Guide: Live Clone MySQL Replication using Percona XtraBackup

Reference: Percona XtraBackup 8.0 Documentation


Prerequisites

Before proceeding, ensure you have the following:

  • Two pre-provisioned Galera clusters (this guide assumes the nodes are already installed with MySQL and Galera). We will not cover the initial base setup of the Galera packages here to keep the guide focused.
  • Network connectivity: Essential Galera ports (3306, 4567, 4568, 4444) must be open across cluster nodes. Specifically, port 9999 must be allowed between Node 1 of Cluster A and Node 1 of Cluster B for the nc stream transfer.
  • GTID Enabled: GTID (Global Transaction Identifier) replication must be enabled in the configuration (gtid_mode=ON and enforce-gtid-consistency=ON) on both clusters beforehand. This guide assumes it is already configured.
  • Zero-Downtime Operation: This procedure is designed to be zero-downtime for the Primary cluster (Cluster A). It is safe to perform on a production environment.

Environment Setup

  • OS: Ubuntu 24.04
  • Privileges: All operations are performed using the root user.

Architecture Topology

We operate with two Galera clusters, each containing 3 nodes:

Cluster A (Primary): Contains existing data.

  • Node 1: 10.0.0.1 (designated as Master)
  • Node 2: 10.0.0.2
  • Node 3: 10.0.0.3

Cluster B (Secondary): Currently empty.

  • Node 1: 10.0.1.1 (designated as Slave)
  • Node 2: 10.0.1.2
  • Node 3: 10.0.1.3

Mermaid

Objective: Create a replication topology ensuring a full database clone, including all users and granted privileges from existing Cluster A (Primary).

Important Context for Cluster B (Secondary)

After the initial setup of Cluster B (Secondary), gracefully shut down the nodes in reverse order: Node 3, then Node 2.

Only Node 1 should remain active. The goal is to establish replication exclusively on Node 1 first. Once replication is stable, Galera will automatically sync the data to the other nodes when they are powered back on.

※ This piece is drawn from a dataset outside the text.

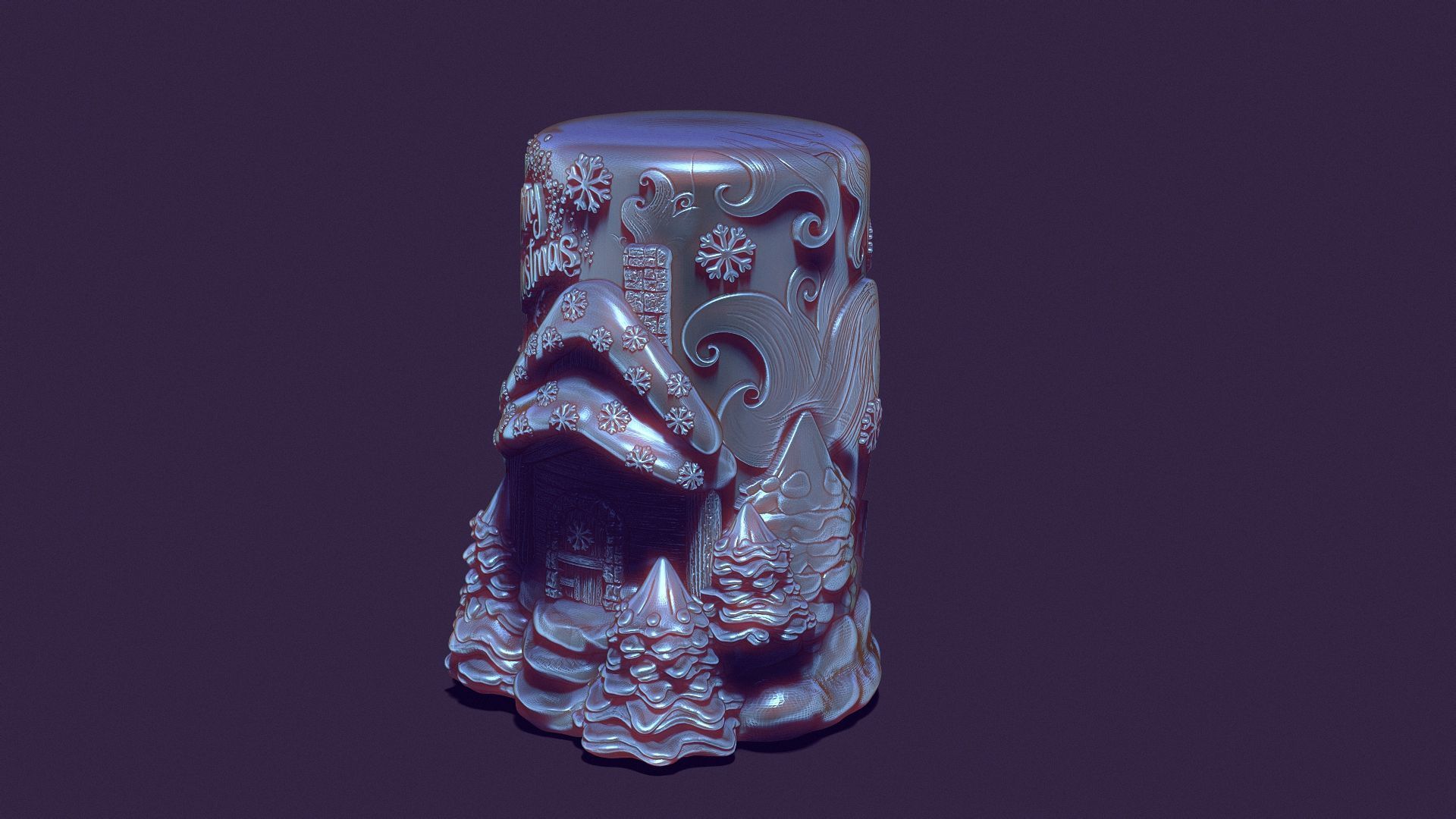 Santa Claus hut and snowstorm Christmas candle Christmas trees 3D print model_7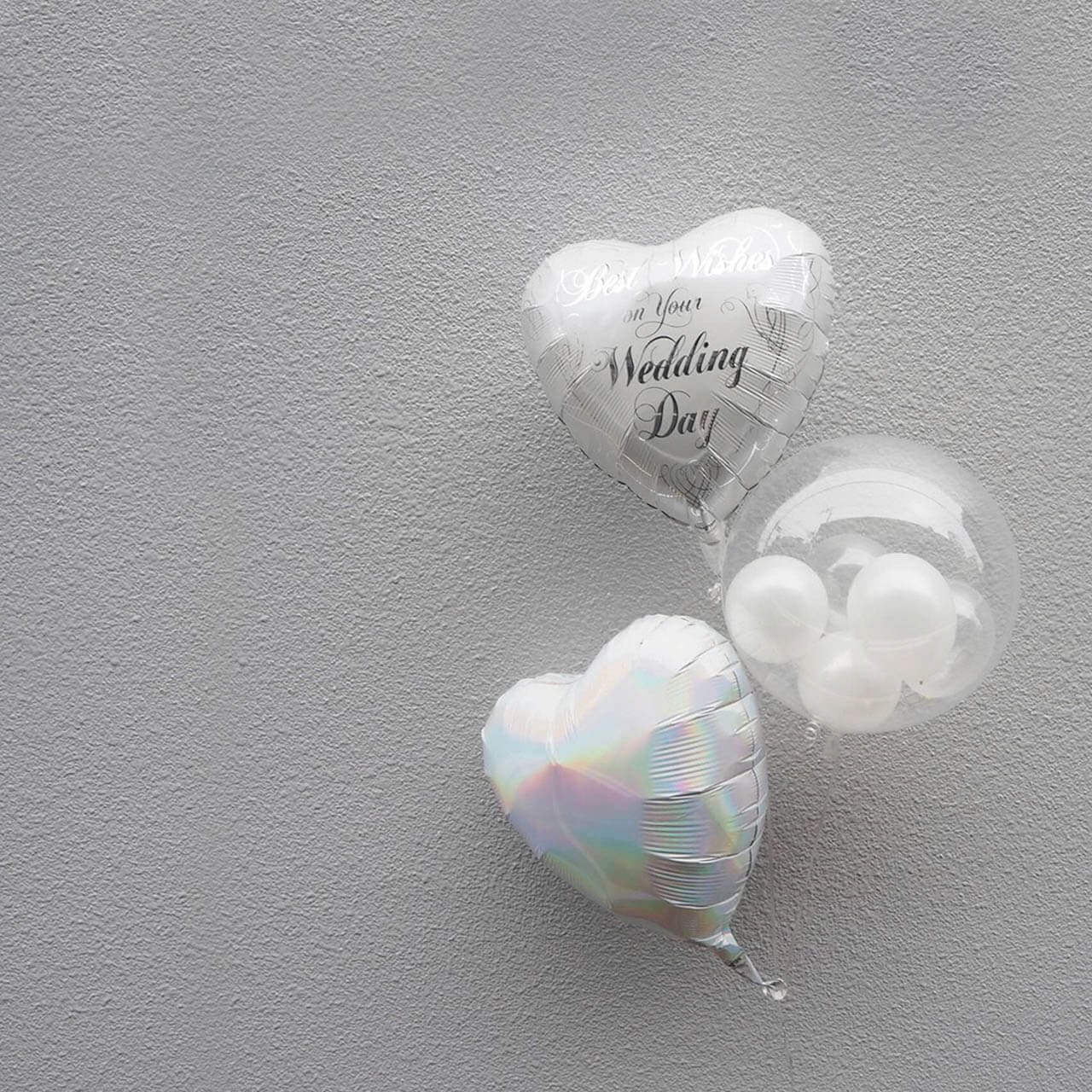Wedding White Float Balloon - Float type - ウェディングホワイトヘリウムバルーンギフト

1. Install Percona XtraBackup

Execute the following commands on the nodes handling the backup/restore to install Percona XtraBackup 8.0:

apt update
apt install curl -y
curl -O https://repo.percona.com/apt/percona-release_latest.generic_all.deb
apt install gnupg2 lsb-release ./percona-release_latest.generic_all.deb -y
apt update
percona-release setup pxb-80
apt install percona-xtrabackup-80 -y

# Verify installation
xtrabackup --version

Tip: For large databases, it is highly recommended to run the upcoming backup/restore processes inside a screen or tmux session to prevent interruptions.


2. Stream Data from Master to Slave

On the Slave Node (Cluster B (Secondary) - Node 1)

Prepare the MySQL data directory and start a netcat listener (nc) to receive the incoming backup stream:

cd /var/lib/
mv mysql mysql.bak
mkdir mysql && cd mysql

# Listen on port 9999 and extract the incoming xbstream
nc -l 9999 | xbstream -xv

On the Master Node (Cluster A (Primary) - Node 1)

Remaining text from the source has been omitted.